Skip to main content


         This documentation site is for previous versions. Visit our new documentation site for current releases.      
 

OCR methods

Updated on October 19, 2022

Use the OCR methods to convert documents that contain images into searchable text.

The document can be an image, such as a faxed document, or a document that contains both text and images. This component can convert image files, PDF files, and Word documents.

Note: The image file types include .png, .jpeg, .bmp, .gif, and .tiff. Graphic file support is provided by ABBYY FineReader. For a comprehensive list of supported types, see Supported Image Formats.

GetProcesssToXmlConfig

Use the GetProcessToXmlConfig method to produce information about the XML configuration. You can then pass that configuration information to the configXml parameter of the ProcessToXml method, to change the way the output XML looks.

This method returns an XML string that contains the configuration options.

Note: The following parameter settings come from ABBYY FineReader and you can turn them on or off to alter the XML output. For example, you can have the output show an XML line per character found or, by changing attributes, you can have it output an XML line per line of text found.

The following table describes the parameters available for this method.

ParameterDescription
writeCharAttributesInclude the character attributes.
dontWriteBlocksCoordinatesOmit the block coordinates.
writeExtendedCharAttributesInclude the extended character attributes.
writeOriginalImageCoordinatesInclude the original image coordinates.
writeNameOfBlockInclude the name of the XML block.
writeCharacterFormattingInclude character formatting information.
writeParagraphStylesInclude paragraph style information.
writePagesByElements Include the pages by element.
writeAsciiCharAttributes Include the ASCII character attributes.
writeWordRecognitionVariants Include word recognition variants.
writeCharRecognitionVariantsInclude character recognition variants.
writeLogicalStructureInclude logical structure information.
writeFontStylesInclude font style information.
writeOneCharForTabUse one character to indicate tabs.
checkResult Check the results.

ProcessToPdf

Use the ProcessToPdf method to extract text from the images in the input file and output a PDF file. You can then use the PdfConnector or PdfViewer components to extract data from this PDF file.

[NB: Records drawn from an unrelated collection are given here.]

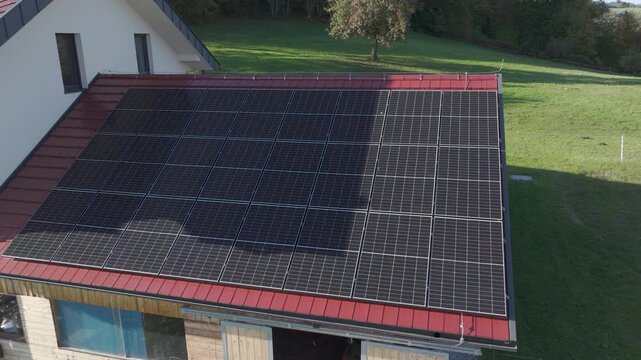 AERIAL: Large rooftop solar panel installation on a modern countryside house. Efficient photovoltaic array covers most of the roof, surrounded by green grass and rural landscape on a bright sunny day.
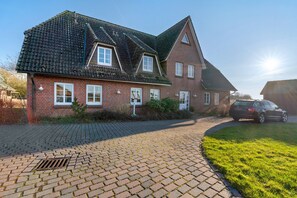 A brick house with a tiled roof, a paved driveway, and a car parked in the driveway. - Apartment 'Fewo Seegarden' with Shared Garden and Wi-Fi (Pellworm)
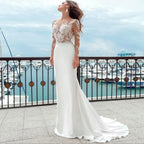 Robes de mariée sirène à manches longues, décolleté rond transparent, boutons en satin appliqués dans le dos, robes de mariée de plage avec traîne balayée 2023 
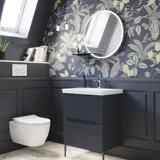 Badezimmer-Inspiration mit dunkelblauen Wandpaneelen, romantischer Blumen-Tapete, dunkelblauem Waschtischunterschrank mit weichen Formen und einem schönen runden Spiegel mit Beleuchtung, das ein Vintage-Flair verleiht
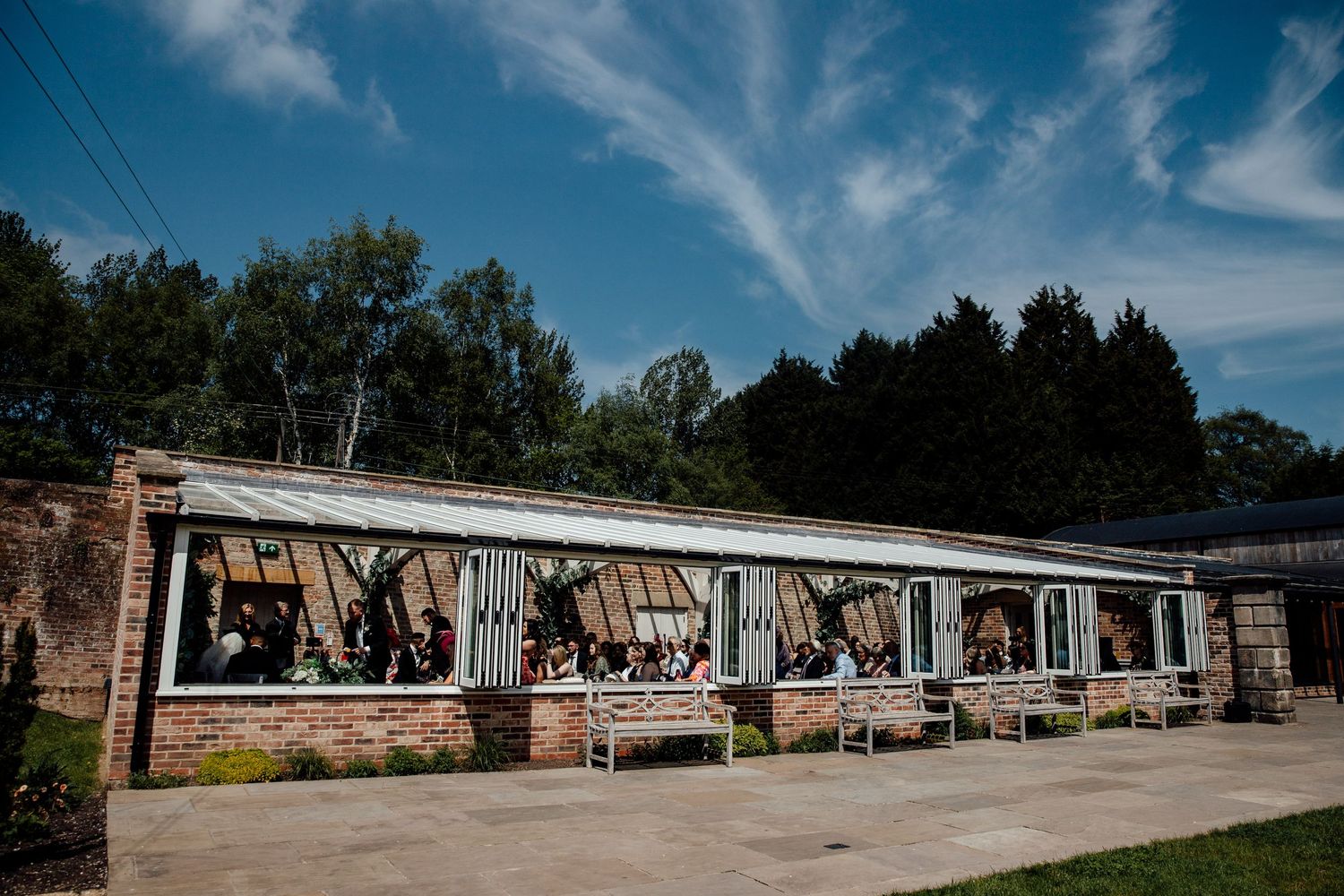 Long modern venue building exterior with large windows under bright blue summer sky.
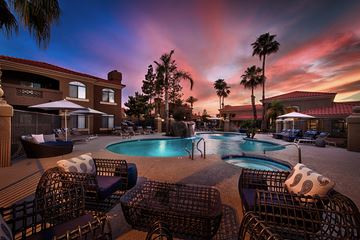 Chandler apartment for rent - a swimming pool at sunset at a resort with chairs and umbrellas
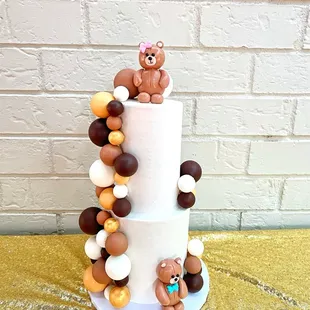 a three tiered cake decorated with teddy bears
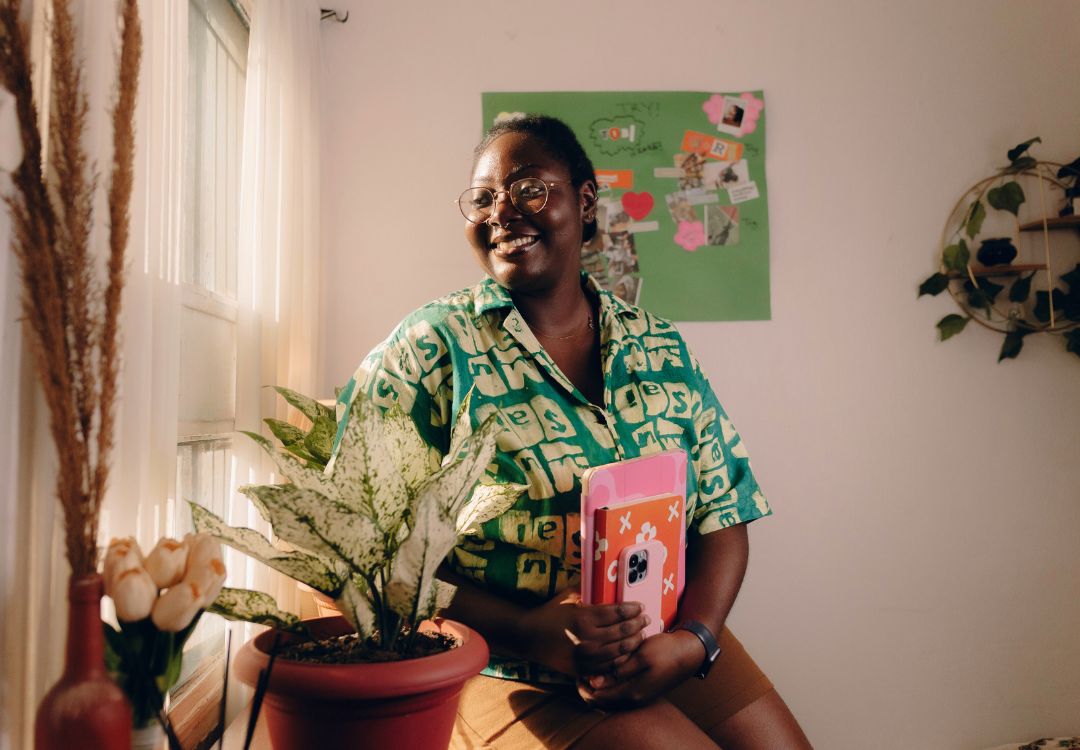 Smiling female student with study materials representing why choose KCNH for natural health doctorate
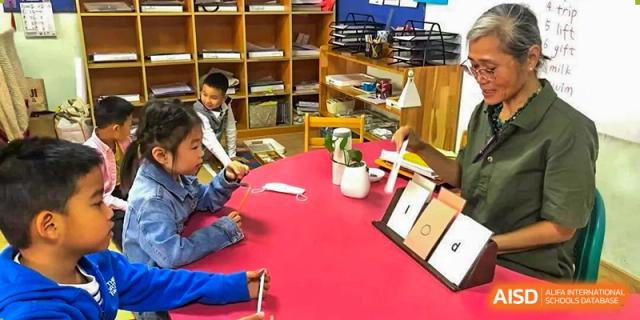AISB-Hope International students engaged in a hands-on activity around a red table in a well-equipped classroom.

You can use this method with three or eight parameters. If you use this method with three parameters, the defaults are used for the other five parameters.

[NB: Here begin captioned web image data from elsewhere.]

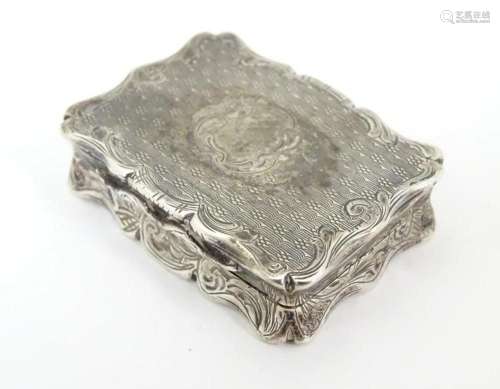 A Victorian silver vinaigrette with engraved and decoration ...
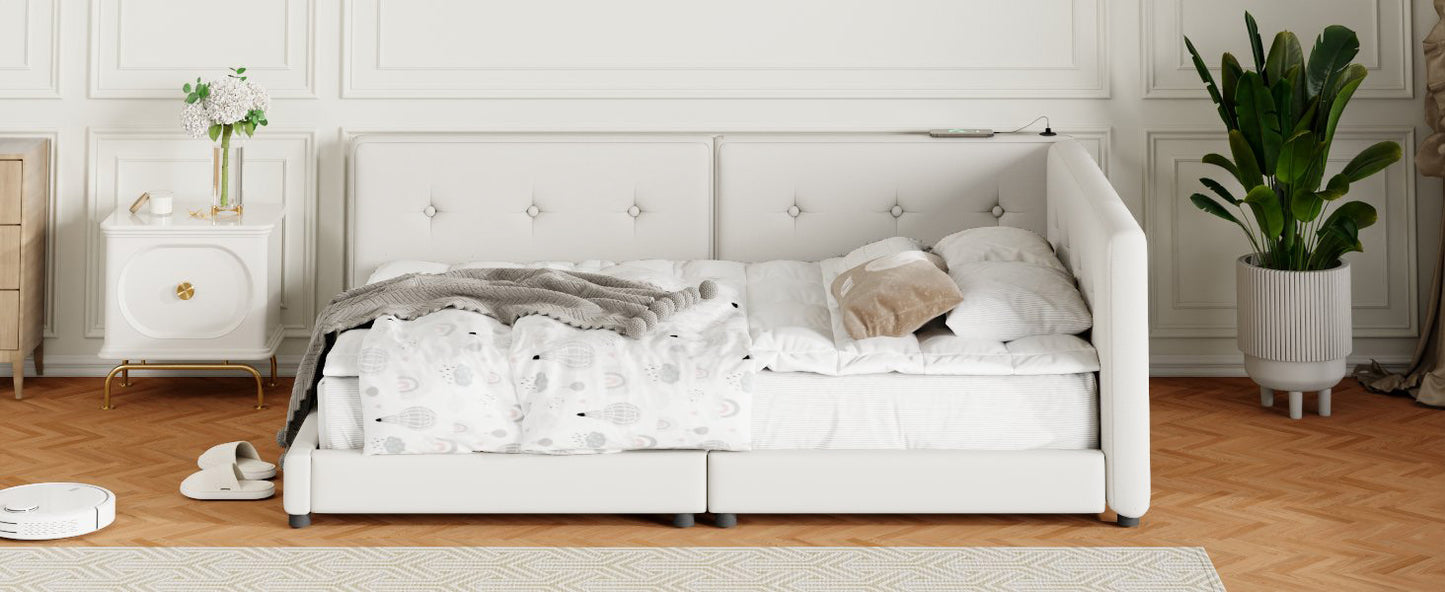 White upholstered twin daybed with tufted headboard and playful bedding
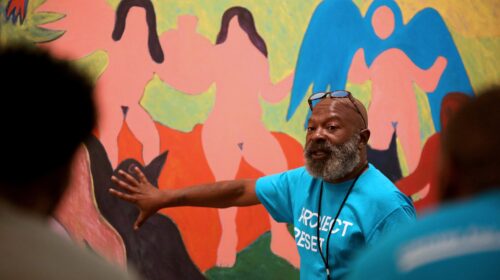 Man in blue Project Reset T-shirt speaks while pointing to a mural featuring three pink silhouetted figures in abstract style.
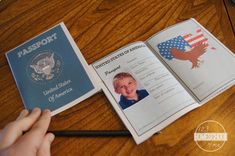 an open passport sitting on top of a wooden table next to a person's hand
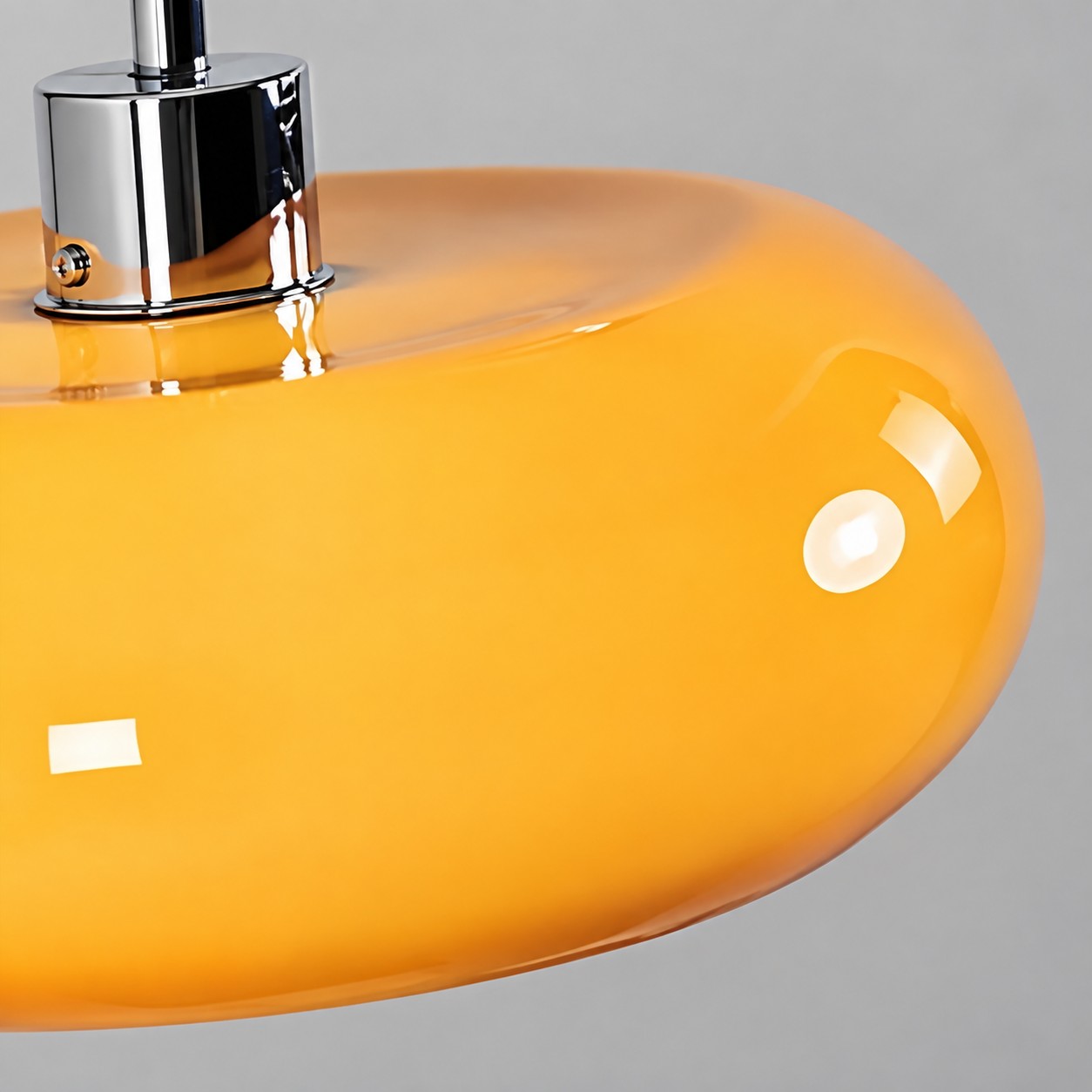 Close-up of the orange glass shade and metal top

The following table describes the parameters for this method.

ParameterDescription
inputFile(String) Enter the complete path and name of the file that you want to process. You can translate image files, PDF files (.pdf), and Word documents (.doc and .docx).
outputFile (String) Enter the complete path and file name of the PDF file that the ProcessToPdf method creates.
exportWithoutImages (Boolean) Use this parameter to include or exclude the images in the output file. Set the parameter to True if you only want the OCR extracted text to display. Set the parameter to False to export the original image with the hidden text. You can select the text when you highlight the image in the PDF file.
ocrImagesAndText (Boolean) Use this parameter to determine if ABBYY processes the text in the input file through OCR or passes it directly to the PDF file, without modification. If you enter False, the text in the output file is included exactly as it appears in the input file. If you enter True, ABBYY evaluates the text before it creates the output file, which can lead to inaccurate results. The text in some documents might not be retrieved if you set this parameter False. The default is False.
coloredBackground (Boolean) If the document has a dark background, change the coloredBackground parameter to True to improve the accuracy of the translation. For instance, if white text is displayed on a black background, set the coloredBackground parameter to True. The default is False.
lowResolutionText (Boolean) If the text in the document has a small font size, set the lowResolutionText parameter to True. Note that when the system translates images with this setting, the method takes longer to complete. The default is False.
ocrDictionaryType

Use the ocrDictionaryType setting to reduce the character set that ABBYY uses when converting an image into text. For example, if you know that there are no numbers in the image, you can set the ocrDictionaryType option to AlphaOnly to omit numbers from the character set and reduce the possibility of errors, such as changing Search into 5earch. You can choose from the following options:

  • Normal - Uses a character set that is normal for the language that you are scanning. The default is Normal.
  • AlphaOnly - Limits the character set to only a-z and A-Z.
  • NumOnly - Limits the character set to only 0-9.
  • AlphaAndSymbolsOnly - Limits the character set to a-z and A-Z and special characters such as hyphens (-), colons (:), and other punctuation marks.
  • NumAndSymbolsOnly - Limits the character set to 0-9 and special characters such as hyphens (-), colons (:), dollar signs ($), and other punctuation marks.
scanLanguage

You can choose from 459 scan languages, including the most widely used languages available, like English, Spanish, and Japanese, and also some combinations of languages, such as Korean and English. Additionally, there are scan language options that limit the character set in a way similar to how you can limit the search dictionary. The following are some examples:

  • English US WellKnownCode SSN
  • English UK CurrencyByDigits
  • English DateTime MonthByWords

Note: Farsi, Arabic, Hebrew, Vietnamese, and Thai are not included. The default is English.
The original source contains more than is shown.